Dataset excerpt:
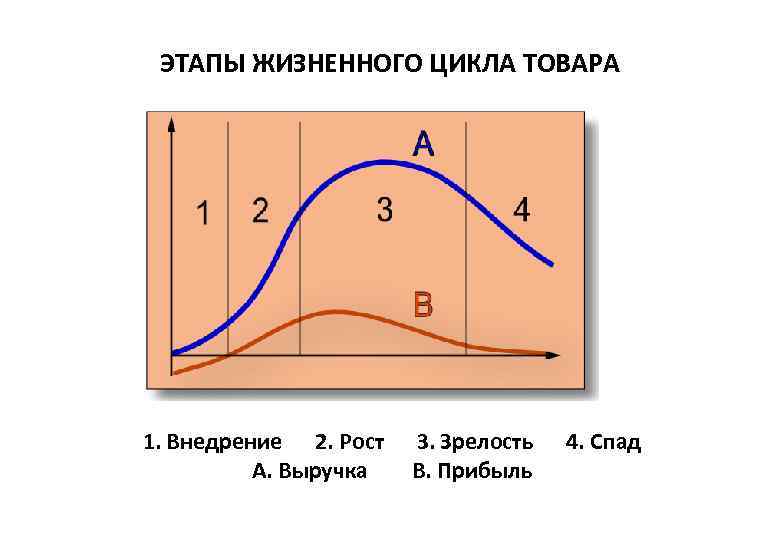 Графическое изображение этапов жизненного цикла изделия с позиции качества называется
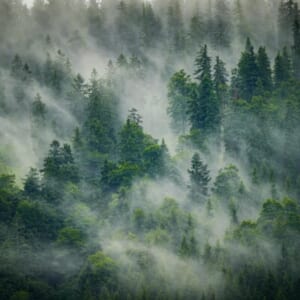 霧と森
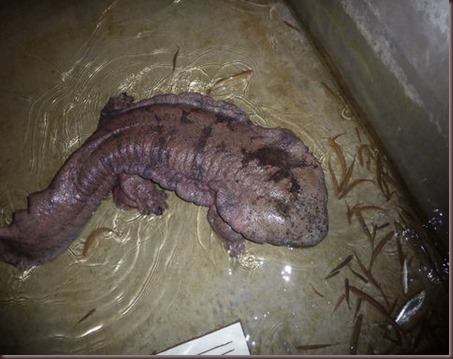 Amazing Animals Pictures Chinese Giant Salamander (9)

Action item:
The listing should be transcribed in full, exactly, and without its pictures.

Expected output:
 Графическое изображение этапов жизненного цикла изделия с позиции качества называется
 霧と森
 Amazing Animals Pictures Chinese Giant Salamander (9)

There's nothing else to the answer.